Sexually Transmitted DiseasesApril is STD (sexually transmitted diseases) awareness month. STDs are a major public health issue in the United States. This month-long observance is an opportunity to raise public awareness about the impact of STDs and the importance of preventing, testing, and treating STDs. HIV/AIDS, chlamydia, herpes and gonorrhoea are the most common STDs.

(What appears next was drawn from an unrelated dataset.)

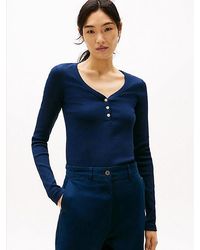 Tommy Hilfiger - Slim T-Shirt Met Lange Mouwen En Henley-Hals - Lyst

The Centers for Disease Control and Prevention (CDC) reports that as much as half of the estimated 20 million sexually transmitted infections (STIs) that occur in the U.S. each year are among people under the age of 25. The CDC also estimates that there are more than 110 million STIs among men and women in the US. This includes both new and existing infections.

The theme of National STD awareness month 2015 is “Know the Facts and GYT: Get Yourself Tested”. The GYT campaign is a youth-oriented, empowering social movement to encourage young people to get tested and treated for STDs and HIV. GYT campaign materials have been developed for doctors, health departments, school administrators, and community-based organizations to help young people increase their knowledge about STD prevention and testing.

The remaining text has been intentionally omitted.